購買スタッフのケラエノさんにスライム魔石を見せると、お得な情報を教えてくれた。
「今ならここじゃなくて、街の時計屋へ売りに行くといいよ。携帯用の時計に使う魔石が足りないみたいで、普段よりも高く買ってくれるからね」
「お! 素敵情報ありがとう!」
「僕の父さんの店なんだ。モントル時計店、学園の東門から出てまっすぐ3軒先の店だよ」
「行ってみる!」
ケラエノさんの実家、時計店なんだね。
スライム魔石は小さくてパワーが少ないけど、腕時計みたいな小型の魔道具を動かすにはちょうどいい。
スバルは早速時計屋へ向かった。
「こんにちは~、ケラエノさんからの紹介で魔石を売りに来ました」
「おお、助かるよ。冒険者学園の生徒かな?」
モントル時計店の店主リピエノさんは、ケラエノさんに似ている。
親子だなぁってスバルが心の中で呟いているよ。
「スライム魔石10コだね。状態もいいし息子の知り合いだから少し多めにお支払いしよう」
「ありがとうございます!」
普段の価格ならスライム魔石1コは銅貨1枚なのに、銅貨3枚になってる。
急ぎで必要な場合はこんなに高く買い取ってもらえるんだね。
「助かったよ、これで注文の品が仕上げられる」
「スライム魔石が不足するなんてこと、あるんですね」
話しながら、リピエノさんが馴れた手つきで腕時計に魔石を嵌め込んでいく。
スバルはその器用な手先に興味津々だ。
「プロの冒険者はスライムを狩らないからね。

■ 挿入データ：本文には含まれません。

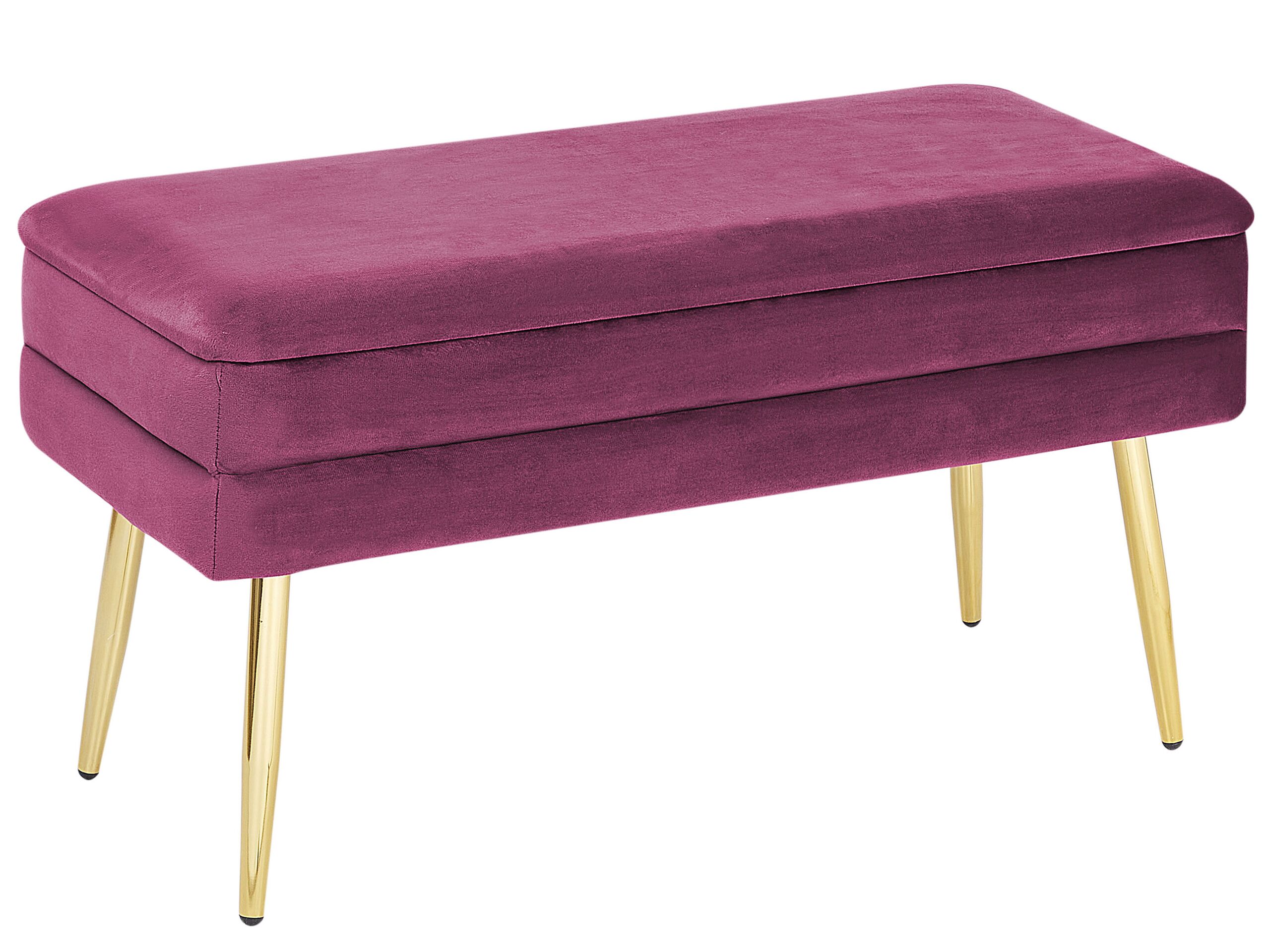 Bedroom Storage Bench Burgundy DURHAM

学生さんが頼りだけど、今年の1年生はほとんど魔石を売りにこないってケラエノが言っていたよ」
「そういえば僕のパーティの子たちも、スライム魔石を持ち帰らなかったです」
「勿体ないねぇ」
僕はトレミーたちがスライム魔石をゴミとか言っていたのを思い出した。
彼等はお金持ちの子だから、銅貨1枚を欲しいとは思わないんだろう。
リピエノさんがため息をついた。
「今月はあと2回かけだしダンジョンへ行くので、また手に入れたら売りに来ますね」
「ああ、そうしてくれると助かるよ」
銅貨30枚入りの布袋をベルトポーチに入れて、スバルは店を出た。
菓子屋があるのは西門の方だから、噴水広場を抜けて西へ向かう。
(ん? なんか香ばしい醤油の香りが……)
噴水広場には屋台が並んでいる。
その中の1つが、スバルを引き寄せた。
(おおっ! 手焼き煎餅っ!)
スバルの記憶にある【焦がし醤油】と同じ香りが、僕にも伝わってくる。
丸くて平べったい、クラッカーとはちょっと違うそれは、東方の国ジャポン名物【センベイ】だ。
「お兄さん、これで買えるだけ煎餅をください」
「おお、まいどあり。少しオマケしとくからな」
「ありがとう!」
スバルは焼き立てのセンベイが入った紙袋を抱えて孤児院へ向かった。